** Try it **
Every line from the start of the data through the line containing "I can save this" should be retyped exactly; the pictures should not.

** Input data **
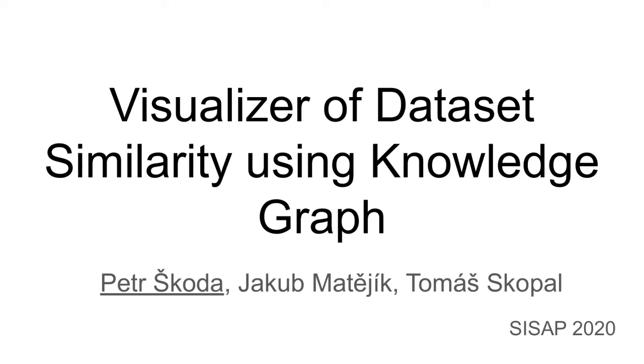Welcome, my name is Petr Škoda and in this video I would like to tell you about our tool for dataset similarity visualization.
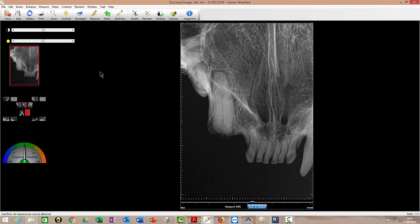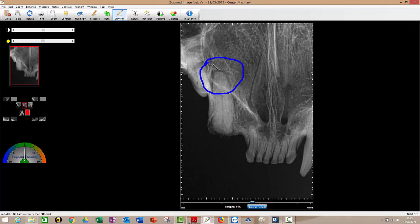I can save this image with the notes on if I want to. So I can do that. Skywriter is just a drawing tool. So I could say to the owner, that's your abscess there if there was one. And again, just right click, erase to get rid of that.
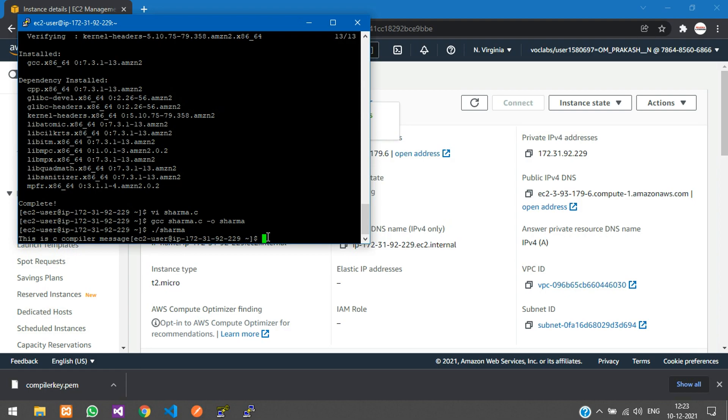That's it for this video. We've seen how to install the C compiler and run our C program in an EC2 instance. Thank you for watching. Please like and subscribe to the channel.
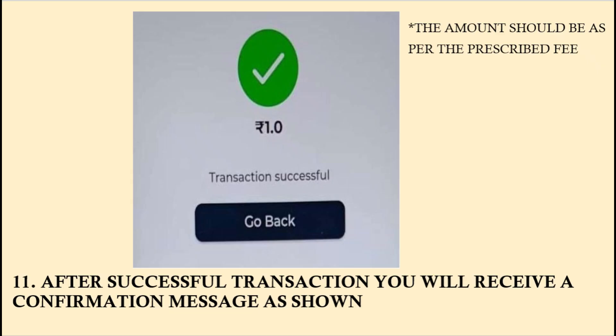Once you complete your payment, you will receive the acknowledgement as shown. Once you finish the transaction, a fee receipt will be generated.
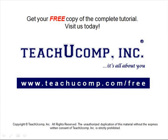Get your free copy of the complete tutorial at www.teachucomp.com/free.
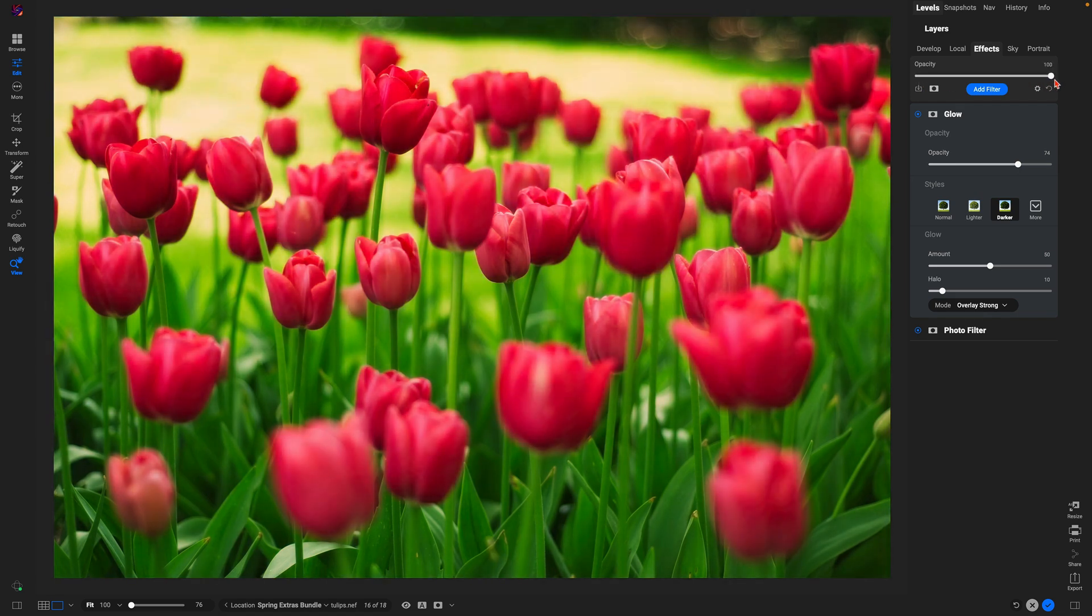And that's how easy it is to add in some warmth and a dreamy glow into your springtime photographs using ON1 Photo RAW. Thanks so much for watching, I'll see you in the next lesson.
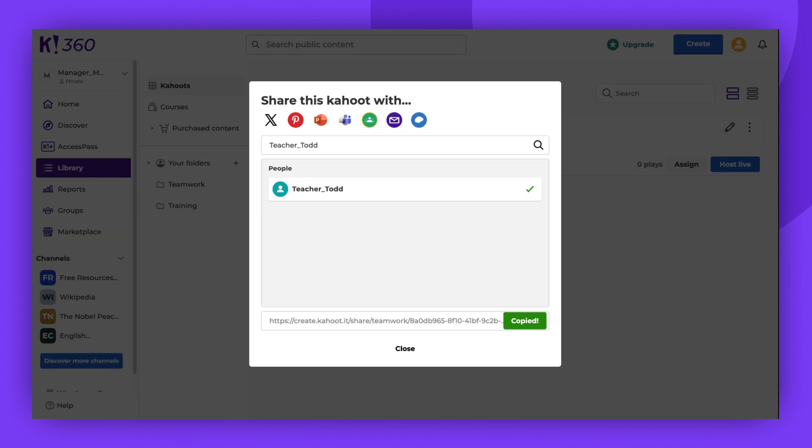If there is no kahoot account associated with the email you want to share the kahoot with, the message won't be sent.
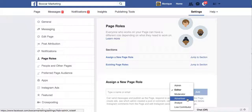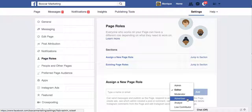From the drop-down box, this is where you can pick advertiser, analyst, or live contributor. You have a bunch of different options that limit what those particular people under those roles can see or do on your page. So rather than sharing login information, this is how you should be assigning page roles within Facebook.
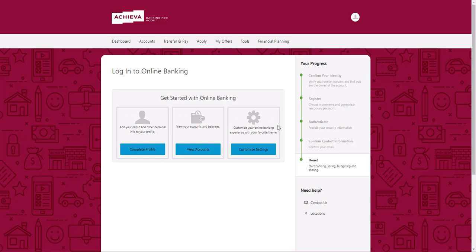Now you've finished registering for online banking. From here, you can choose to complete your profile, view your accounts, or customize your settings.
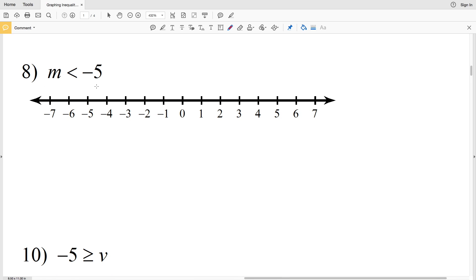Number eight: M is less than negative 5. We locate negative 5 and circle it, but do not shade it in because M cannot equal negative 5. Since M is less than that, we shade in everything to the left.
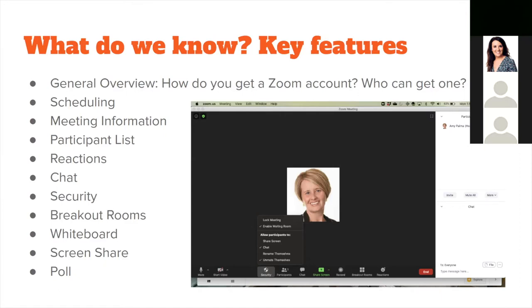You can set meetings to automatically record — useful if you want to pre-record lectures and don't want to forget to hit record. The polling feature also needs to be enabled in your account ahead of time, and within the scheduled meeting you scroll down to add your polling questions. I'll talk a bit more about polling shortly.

** Final answer **
Welcome, my name is Petr Škoda and in this video I would like to tell you about our tool for dataset similarity visualization.
I can save this image with the notes on if I want to. So I can do that. Skywriter is just a drawing tool. So I could say to the owner, that's your abscess there if there was one. And again, just right click, erase to get rid of that.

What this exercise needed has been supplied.